Saya tahu usaha ini tidak akan berjalan mudah. Pikiran saya sering mengembara ke janji-janji untuk bertemu dokter gigi, proposal-proposal tulisan, dan makan-makan seadanya di gereja. Otak saya yang berusia 40-an ini sudah kehilangan ketajamannya. Terkadang saya memandang ke luar jendela dalam keadaan kembali mencari cara yang lebih mudah, mendengarkan lagu “Take On Me” berulang-ulang sambil berusaha memikirkan, dalam arti sebenarnya, apa yang seharusnya saya lakukan.

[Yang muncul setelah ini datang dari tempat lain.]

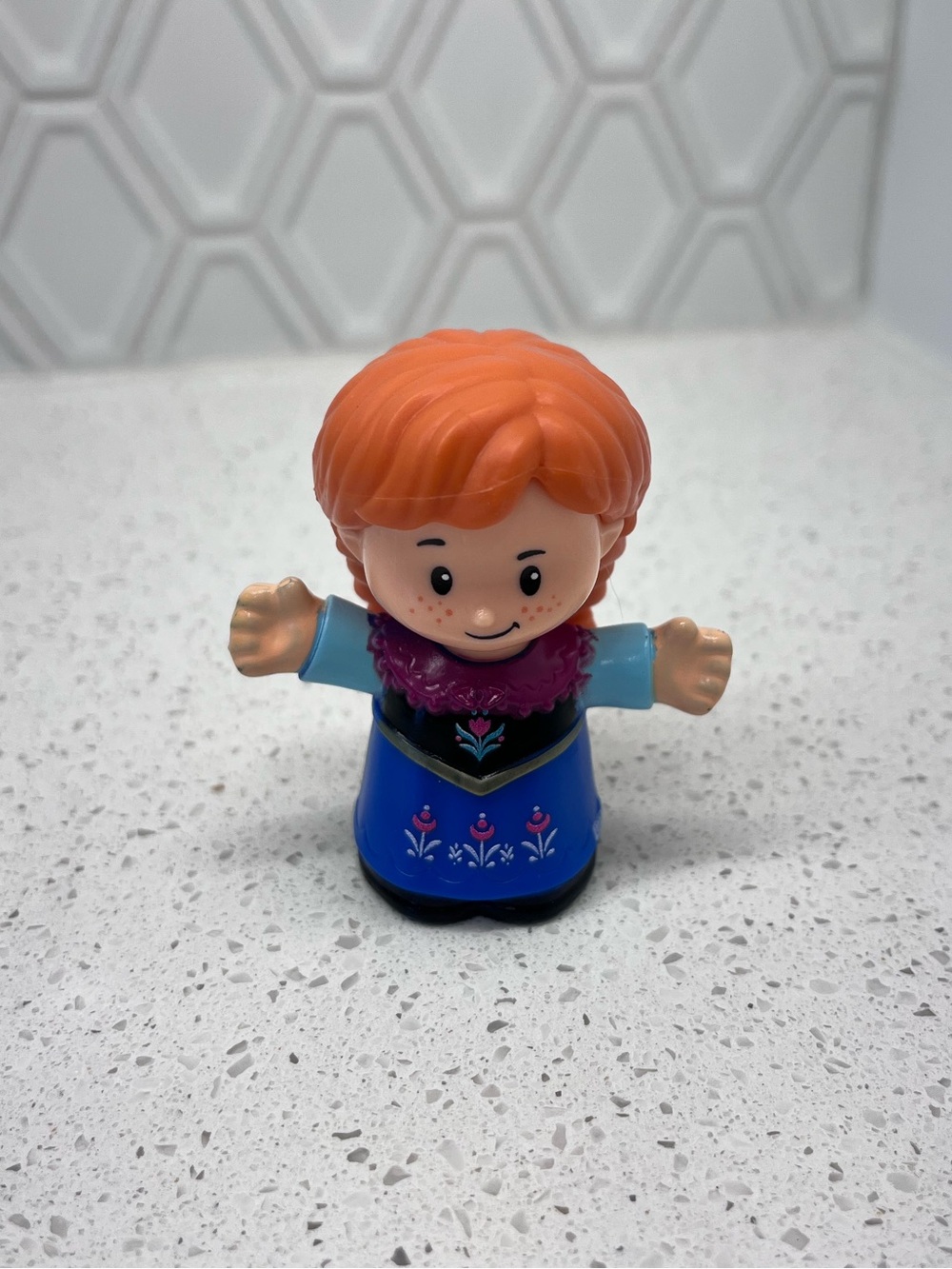 Fisher Price Little People Disney Frozen Princess Anna Figure Collectible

Lalu saya menulis tentang menghafalkan kitab Efesus agar saya benar-benar menghafalkan kitab Efesus. Apa yang tidak dapat saya lakukan untuk kehidupan rohani yang lebih kaya setidaknya dapat saya lakukan untuk sebuah tenggat waktu menulis. Tidak ada yang lebih memotivasi saya selain mencentang daftar proyek yang sudah selesai, apalagi jika proyek itu melibatkan orang lain sebagai bentuk akuntabilitas. Satu-satunya cara yang membuat saya dapat membaca dan mempelajari kitab Wahyu adalah dengan menulis buku puisi tentang kitab itu. Cara apa lagi yang dapat saya lakukan dengan belalang-belalang dan api? Syukurlah Tuhan mengerti cara kerja saya.

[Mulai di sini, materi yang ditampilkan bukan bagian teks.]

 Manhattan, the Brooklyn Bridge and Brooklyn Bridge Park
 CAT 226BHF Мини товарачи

Saya kemungkinan tidak akan diborgol dan dilempar ke atas truk dalam beberapa bulan mendatang. Tetapi ketika saya menghadapi “penguasa-penguasa” saya sendiri yang mengancam akan memenjarakan saya – kecemasan, kegagalan dalam pekerjaan dan dalam menjadi orangtua, ketakutan tidak dicintai – saya akan mencari damai yang melampaui segala akal, yang sudah dijelaskan Paulus 2000 tahun yang lalu. Jadi seperti halnya yang dikatakan Paulus, saya, Tania, utusan Kristus Yesus oleh kehendak Allah, kepada semua orang Kristen setia yang sedang membaca Sentuhan Hati: Kasih karunia dan damai sejahtera dari Allah, Bapa kita dan dari Tuhan Yesus Kristus menyertai Anda. Saya berharap dapat bersama Anda dalam perjalanan ini.